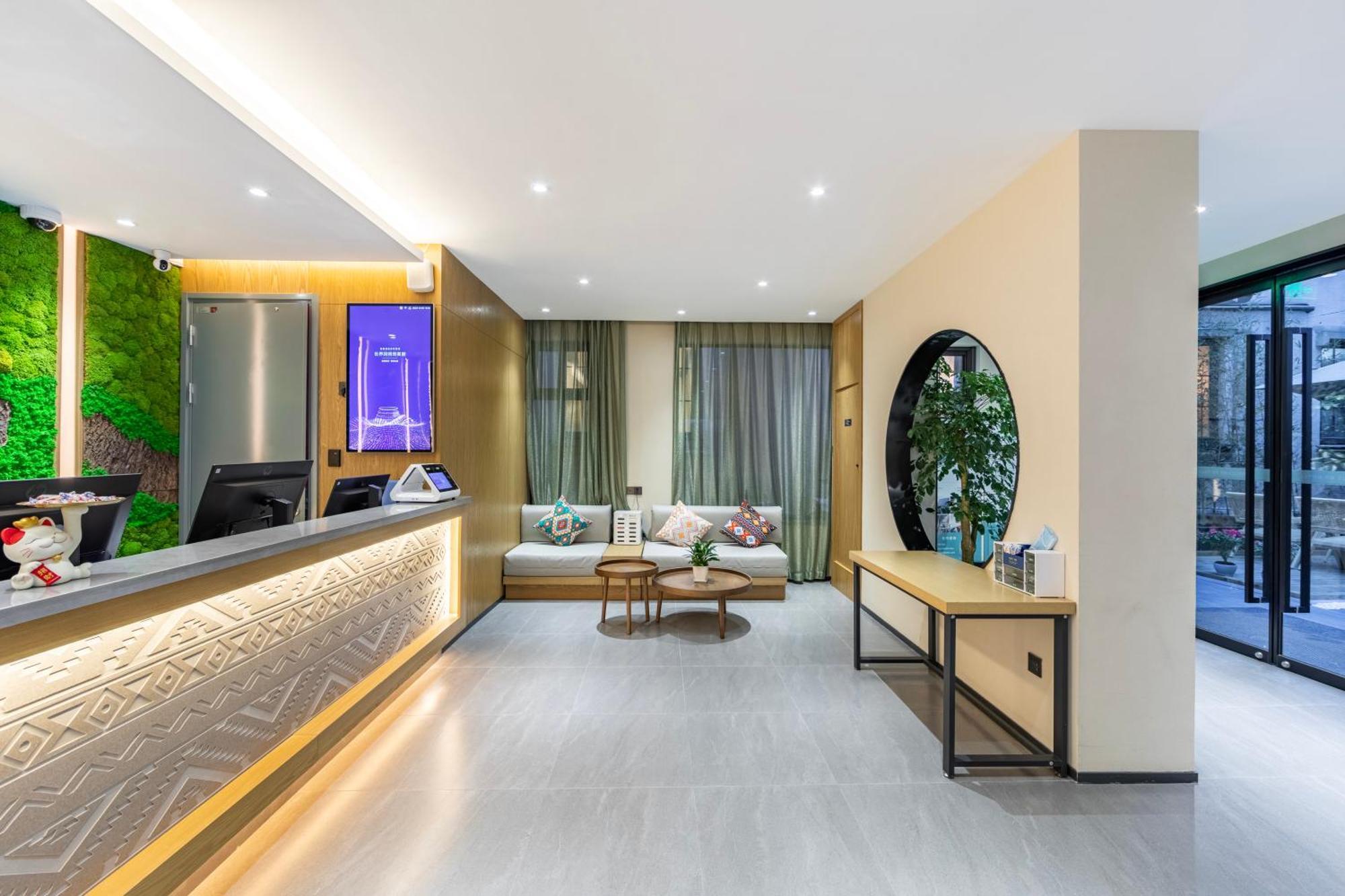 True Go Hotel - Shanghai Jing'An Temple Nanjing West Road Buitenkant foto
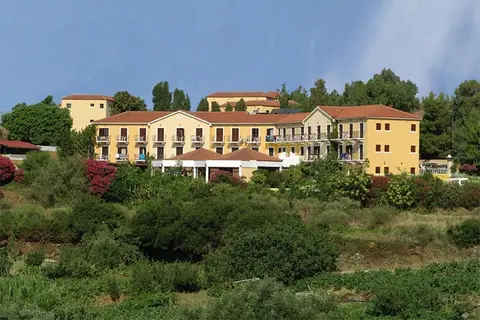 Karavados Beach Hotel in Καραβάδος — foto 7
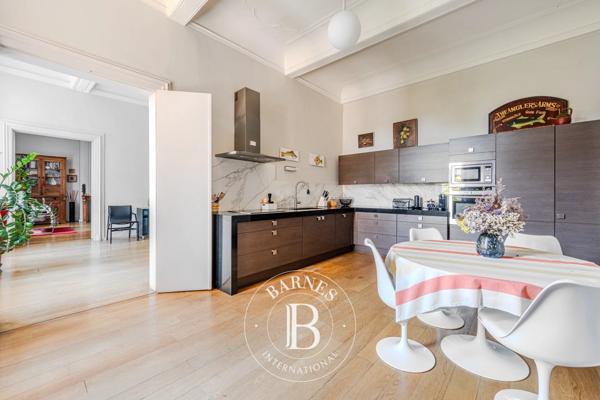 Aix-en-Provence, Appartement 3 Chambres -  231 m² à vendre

◆ **Task prompt**:
Print every line of the material exactly as written, but drop the pictures.

◆ **Exercise output**:
 True Go Hotel - Shanghai Jing'An Temple Nanjing West Road Buitenkant foto
 Karavados Beach Hotel in Καραβάδος — foto 7
 Aix-en-Provence, Appartement 3 Chambres -  231 m² à vendre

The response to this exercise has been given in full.